The amount of time, energy and resources a board spends on the onboarding process is invaluable. To be sure, there is no substitute for this important process, irrespective of how experienced  a new board member may be.

Board Responsibilities, Obligations and Requirements

As  we know, every school is unique. As such, each school board is mandated to work or operate within the boundaries and limits or framework  of the school’s culture, mission, vision or leadership strengths and weakness.

Their are school boards that function as high performing governing entities; there are  those that function well, but are not very unique or exceptional; and there are those boards which exist on paper, but are totally ineffective in their ability to govern, set policy, fundraising or develop a shared vision or mission.

The goal and objective of school boards, must be to serve as the official governing body for the school. To this end,  the board is responsible for the fiscal viability of the school, formulation of school policies, fundraising and performance evaluation of the head of school. 

Beyond these broad governing  responsibilities, boards  are involved in school volunteer opportunities, representing the school at public venues, leveraging communal support, and liaising with the school parent body.

It is essential that the board develop, review and amend as required, it’s By-Laws.

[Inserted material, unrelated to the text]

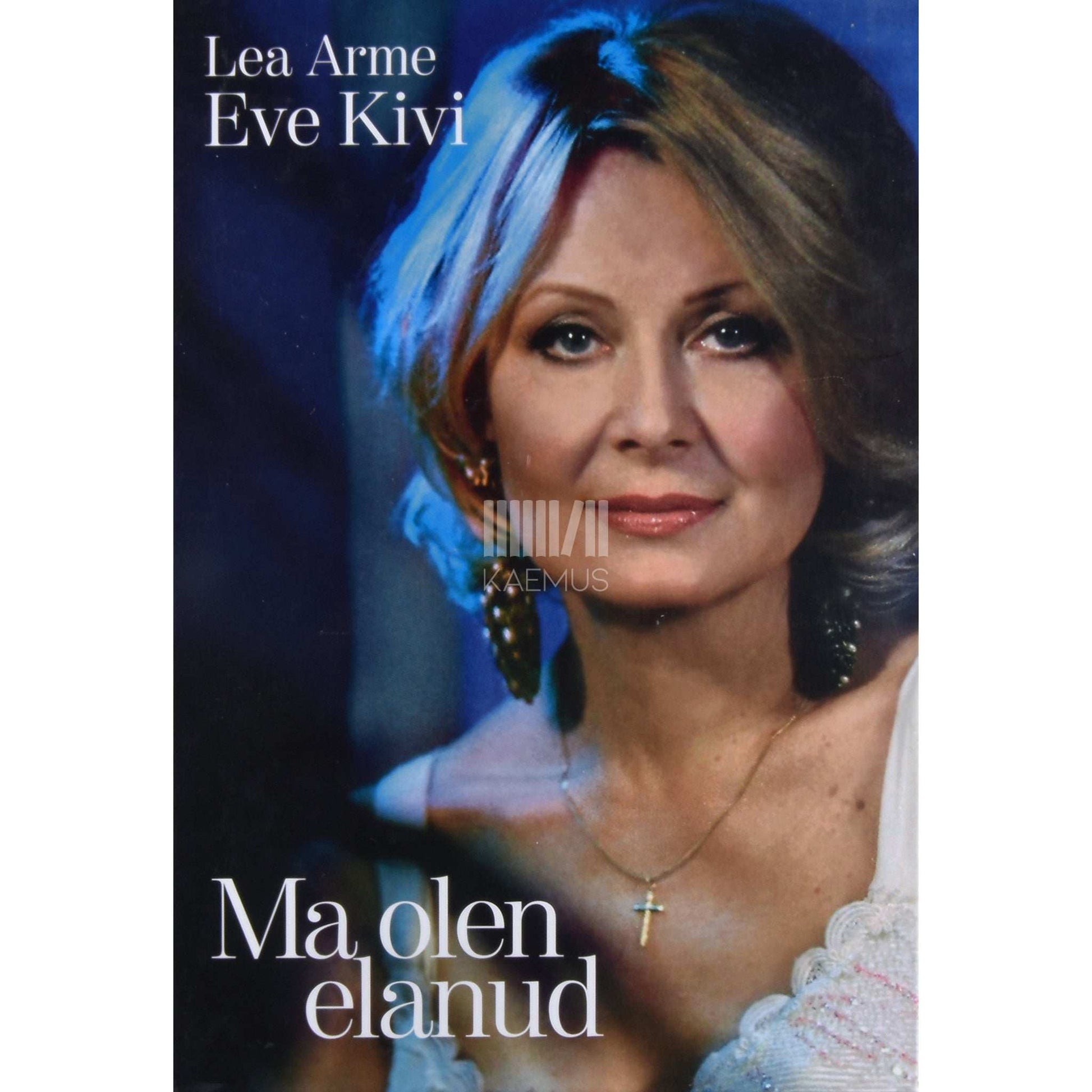 Lea Arme - Ma olen elanud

These By-laws  contain specific requirements relating to term limits, criteria for board selection and recruitment, maximum and minimum number of required board members, the definition of a quorum, a description of various working board committees and subcommittees, board member responsibilities, and any other information which is relevant to the board’s governing responsibilities, requirements and accountability.

Creating a Board Leadership Model

As we know, many schools refer to their board members as “leaders”. In these select cases, the term “leader” is often used in order to describe the job or responsibility of a board member. Its is important however to keep in mind that not every board member “leads” is a “leader. or has the skill-set to lead. But,nevertheless the board member is often called upon by the school and its community to “lead”.

At the risk of getting hung-up on semantics, the true role of the board member is to lead or aspire to lead through her/his position on the board. The board member’s leadership capacity, impact and effectiveness  is the result of many factors including personality, training, experience, and the perception of others  (being led) regarding the leader, just to name a few,

It is for this very reason, and possibly others, that board leadership onboarding, training and development are some of the most critically important challenges in developing effective and high impact board leadership.

When developing or designing a strong board governance leadership model, it is imperative that the following characteristics, indices and attributes be included in the mix.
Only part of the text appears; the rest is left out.